The symbolism here is that Christ is the rock and only once was He to be smitten as His sacrifice was the one to end all sacrifices. By Moses striking the rock again, it symbolized Christ being crucified a second time for our sins. We now speak with Christ, as Moses was supposed to speak to the rock instead of smiting it. This is a good lesson in not letting our feelings dominate our decisions. One other thing, before Moses became saved he killed an Egyptian. (Exo 2:12 KJV) And he looked this way and that way, and when he saw that there was no man, he slew the Egyptian, and hid him in the sand. Moses was guilty of disobedience and murder.
Elijah had just experienced a great victory on Mt. Carmel, as a single representative of God. He had a part in the destruction of 450 prophets of Baal. Israel knew that God was the God of Israel, not Baal. When Queen Jezebel heard what Elijah did, she threatened him with death in twenty four hours. Elijah ran for his life in fear of her and begged God to take his life. (1 Kings 19:3-4) Elijah was guilty of fear and faithlessness.
Abraham is known as the father of the faithful, as so plainly displayed in his willingness to sacrifice Isaac unto the Lord. We also see his faithfulness in leaving Ur of the Chaldees without a known destination. In Genesis 20 we see the story of Abraham denying the fact that Sarah was his wife because he feared Abimelech would have killed him so he could take Sarah to be his wife. Here we see the father of the faithful exhibiting great faithlessness along with dependence on human reasoning to get him out of that situation. Here we see Abraham is guilty of lying.

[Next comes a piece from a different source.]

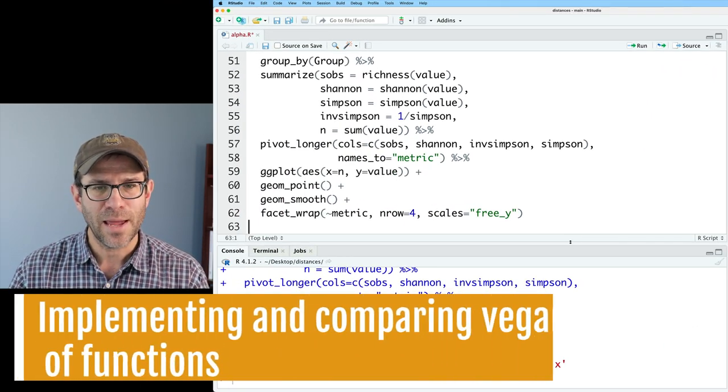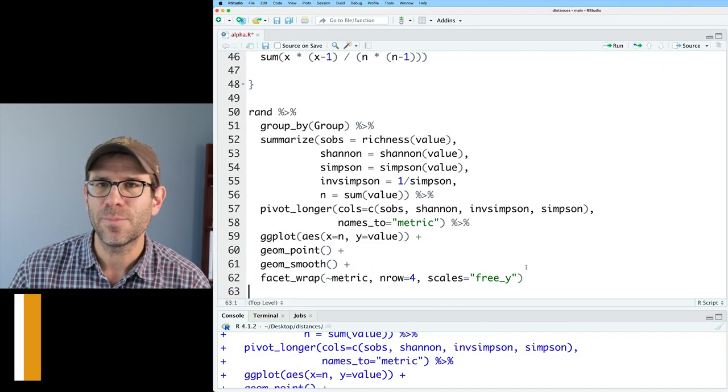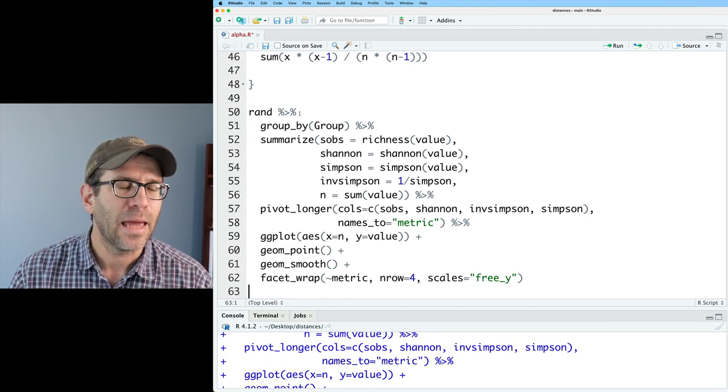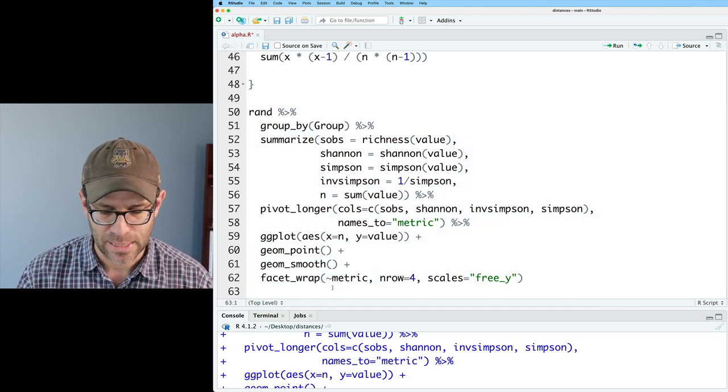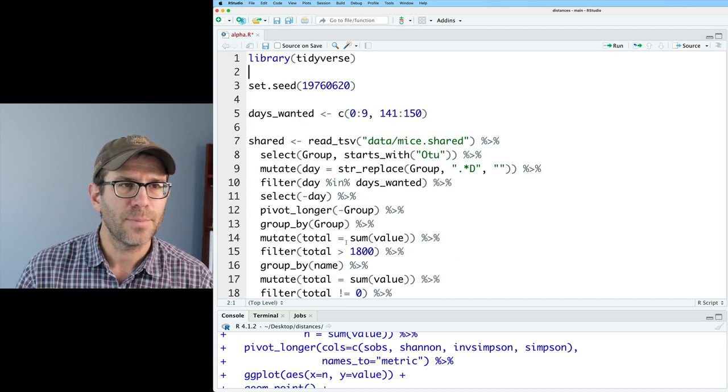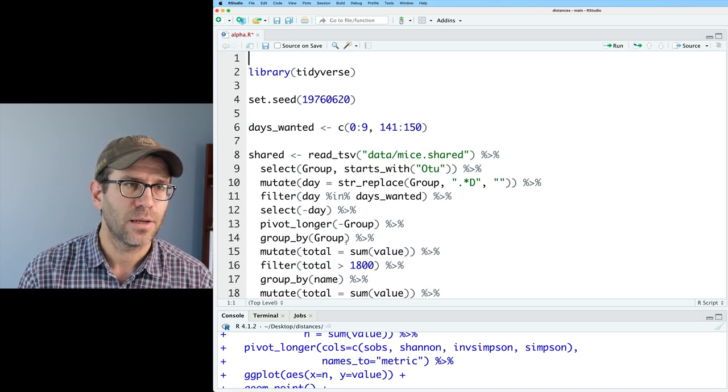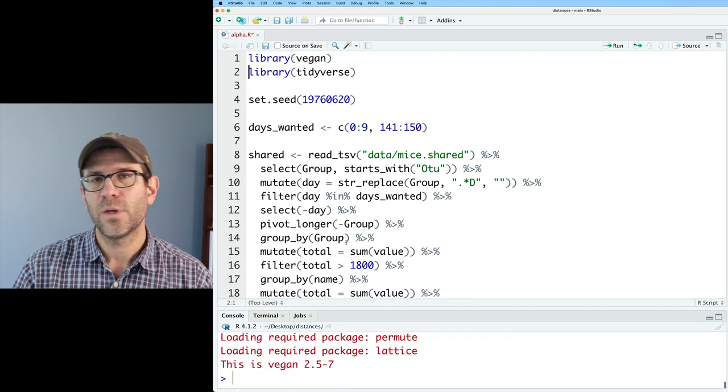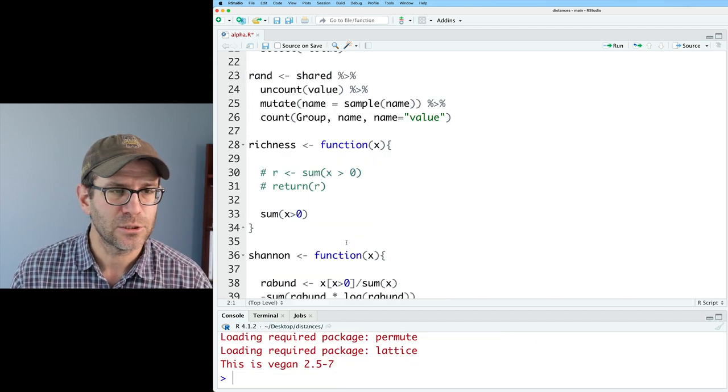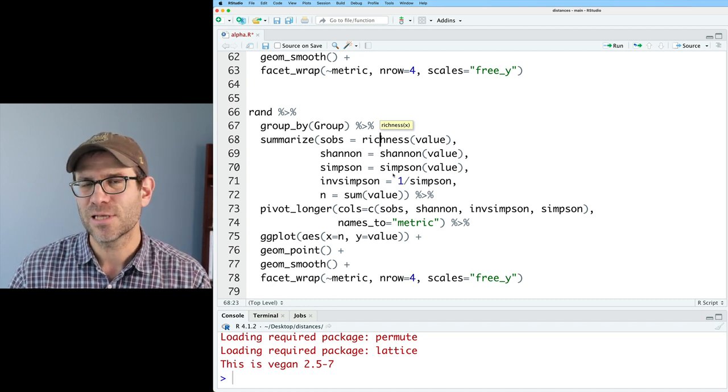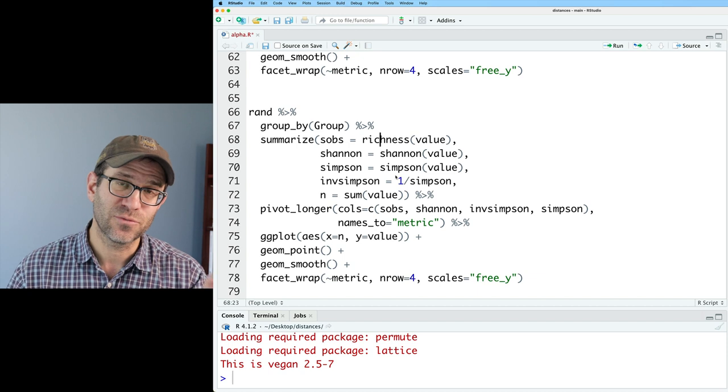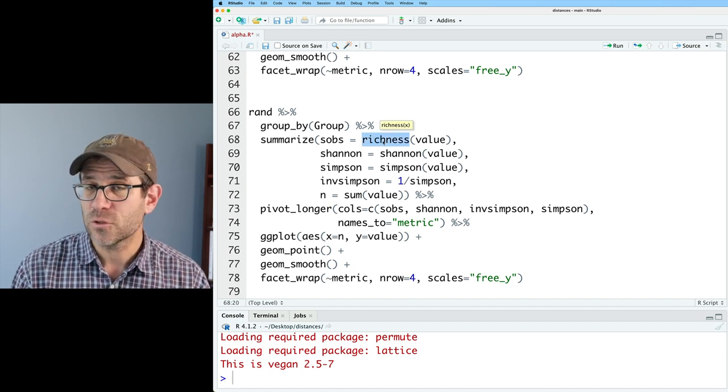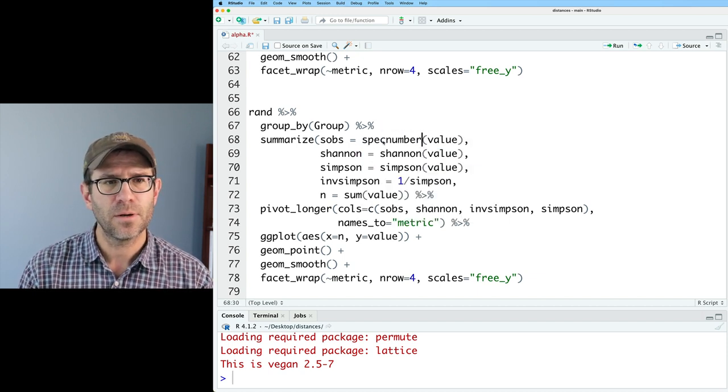One thing I want to come back though is show you how we could do the same type of thing using vegan. And so what I will do is I'm going to go ahead and copy this down and we will come back up to the top and I'll do a library vegan so that we can then load those helpful functions from the vegan R package. So I'm going to step through each of these functions and then see how we can change them to use functions from the vegan package.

David is known in Scripture as "a man after God’s own heart." David did many things which pleased God. When he slew Goliath, he was the only one who saw Israel’s army as the army of the living God. The rest were thinking on a physical plane. David showed great insight into spiritual matters. When David became king, he may have become prideful and believed he could do things without facing consequences for his actions. David saw Bathsheba and lusted after her. Bathsheba became pregnant so David tried to have her husband, Uriah, sleep with her so David's sin would be covered. It backfired so David had Uriah murdered. David was guilty of lust, murder, and adultery.

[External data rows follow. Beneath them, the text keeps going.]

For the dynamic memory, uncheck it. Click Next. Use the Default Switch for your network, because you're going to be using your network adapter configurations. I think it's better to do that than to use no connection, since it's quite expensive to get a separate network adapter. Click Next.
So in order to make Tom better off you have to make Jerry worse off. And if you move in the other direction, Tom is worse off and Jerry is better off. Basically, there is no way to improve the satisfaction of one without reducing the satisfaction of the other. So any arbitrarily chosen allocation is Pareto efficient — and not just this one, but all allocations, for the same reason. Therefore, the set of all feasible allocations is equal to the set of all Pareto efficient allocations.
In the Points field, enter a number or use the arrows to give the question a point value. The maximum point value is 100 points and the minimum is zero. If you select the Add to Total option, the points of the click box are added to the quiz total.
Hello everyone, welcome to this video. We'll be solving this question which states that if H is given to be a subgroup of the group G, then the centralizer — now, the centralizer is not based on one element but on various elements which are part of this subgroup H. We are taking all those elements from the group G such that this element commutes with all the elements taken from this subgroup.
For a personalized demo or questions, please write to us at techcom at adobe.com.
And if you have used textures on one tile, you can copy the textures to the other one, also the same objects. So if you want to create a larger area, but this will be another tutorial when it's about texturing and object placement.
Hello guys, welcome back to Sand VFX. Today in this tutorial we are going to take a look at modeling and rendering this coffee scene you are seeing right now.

These seven illustrations should serve to show us that God’s choicest servants sinned. Although they were chastised for their sins, they never lost their intimate standing before God. They enjoyed the same relationship to God the Christian does today. Let’s review the list of sins again done by God’s frail servants: denial, unbelief, drunkenness, disobedience, fear, faithlessness, lying, lust, adultery, and murder.  What a list of sins yet they were all atoned for by the blood of Christ. God could boast about these servants because He justified them. (Rom 8:33 KJV) Who shall lay any thing to the charge of God's elect? It is God that justifieth. We have a list of sins which were both intentional and unintentional, yet God still accomplished His intended goals despite their sinful natures getting in the way. It is the same with us, God knows we have sinful natures which will set us back in our Christian walk if we choose to obey them, but the bottom line is God will not forsake us, even in the midst of disobedience. (Read Nehemiah 9.) One must read Romans 8:38-39 and Hebrews 13:5 to realize this beautiful fact. So next time you compare lifestyles compare the wood, hay, and stubble in addition to the gold, silver and precious stones for balance. Better yet, compare yourself to Jesus, and use His life as your standard, not fallible men.
(Neh 9:17 KJV) And refused to obey, neither were mindful of thy wonders that thou didst among them; but hardened their necks, and in their rebellion appointed a captain to return to their bondage: but thou art a God ready to pardon, gracious and merciful, slow to anger, and of great kindness, and forsookest them not.